Le Professor is famous for his obstinate ways of managing just as much as he is for his reluctance to give former players a piece of the managerial pie. Criticism for his meek approach to players, however, does in no way reflect his resilience in keeping and exercising all the power his managerial position gives him. Ask Steve Bould who, being a manly man, surprisingly often looks subdued sitting beside Wenger. So if Wenger was to move up a level, what would stop him from meddling with the everyday operations of any new manager?
Tuchel, Henry, Sampoali and Simeone are considered as potential candidates for the job.
From the vantage point of a board position, he can shove an elbow in on transfers, club ambitions and maybe even team selection. It is not like he lacks the hunger to keep on managing. On the contrary, his mid-week comments speak of an excess of it. The keyword here is ‘manage’, not ‘win’. Unfortunately compared with the fans’ ambitions of challenging for every trophy regularly, this slots somewhere right beside it, if not on top of it. Don’t get me wrong, I’m sure Wenger is trying to win trophies, but he is a bit too aligned with the board’s commercial appetites to make it work.

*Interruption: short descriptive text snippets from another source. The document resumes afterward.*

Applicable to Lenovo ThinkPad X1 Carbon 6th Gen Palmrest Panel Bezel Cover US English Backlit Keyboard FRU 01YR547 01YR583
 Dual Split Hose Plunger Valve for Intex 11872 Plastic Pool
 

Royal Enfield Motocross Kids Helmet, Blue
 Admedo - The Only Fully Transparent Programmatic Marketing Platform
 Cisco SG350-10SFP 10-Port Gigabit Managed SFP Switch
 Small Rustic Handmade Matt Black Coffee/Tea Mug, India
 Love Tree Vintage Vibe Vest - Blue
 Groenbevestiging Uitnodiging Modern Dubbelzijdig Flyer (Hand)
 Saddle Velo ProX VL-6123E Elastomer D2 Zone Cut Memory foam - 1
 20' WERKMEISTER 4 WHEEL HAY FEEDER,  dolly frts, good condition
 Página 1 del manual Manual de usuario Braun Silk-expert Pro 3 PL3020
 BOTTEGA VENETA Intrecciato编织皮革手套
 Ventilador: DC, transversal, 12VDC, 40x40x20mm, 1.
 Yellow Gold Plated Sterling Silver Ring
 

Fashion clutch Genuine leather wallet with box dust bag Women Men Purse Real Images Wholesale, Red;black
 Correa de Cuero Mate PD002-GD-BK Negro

If Wenger is to step up, it would represent a victory for the status quo and will possibly ensure that new managers will face the unbearable situation of having to regularly defend their decisions from Wenger.
The reality is a new manager would require support from the board if the new raised ambition is to materialise. Pure managerial miracles such as Ranieri’s at Leicester only happen once or twice every 50 years. And please don’t tell me that 50 years is a short time because I might think you are 256 years old. Last time something like this happened, Blackburn won the Premier League in 1995, and it was in no small part because of Alan Shearer.
If Arsenal are to become an elite club challenging the likes of PSG, Barcelona and Real Madrid, the board would have to harness every resource at their disposal–cough, cough..manov–an unlikely option for now as reports suggest the divide between the two biggest shareholders is too wide to cross.
Wenger’s inability to offer anything that could bridge that divide is the exact reason he shouldn’t become a director if a switch in club ambition is the main goal.
As it stands, Arsenal’s problems lay deeper than the manager, and no new motivational attitude can change the fact that financial matters will still rule.
Ambition and hunger are the keywords here. Look no further that Alex Ferguson and United for confirmation. While United has clearly taken a shift from a being trophy-oriented club to being a commercially oriented one, the contrast between their and Arsenal’s positions is that Ferguson quit when he felt burned out; Wenger though feels he’s got more to give. A switch to a bigger office, if he wishes it, will hardly change his ways.
And this is the reason he cannot move into the boardroom without first ‘taking care’ of his hunger to manage. Maybe go to another club, manage four or five years more and then return to direct at Arsenal. As it is, such a move would be a recipe for failure, ensuring future managerial instability and turbulent times at the club.
We must be wary taking things for granted from those who remember 20-year-old moments as if they were yesterday. Tradition owes its existence to that. And tradition is something Arsenal must break if a more stable transition to tophy success is to happen.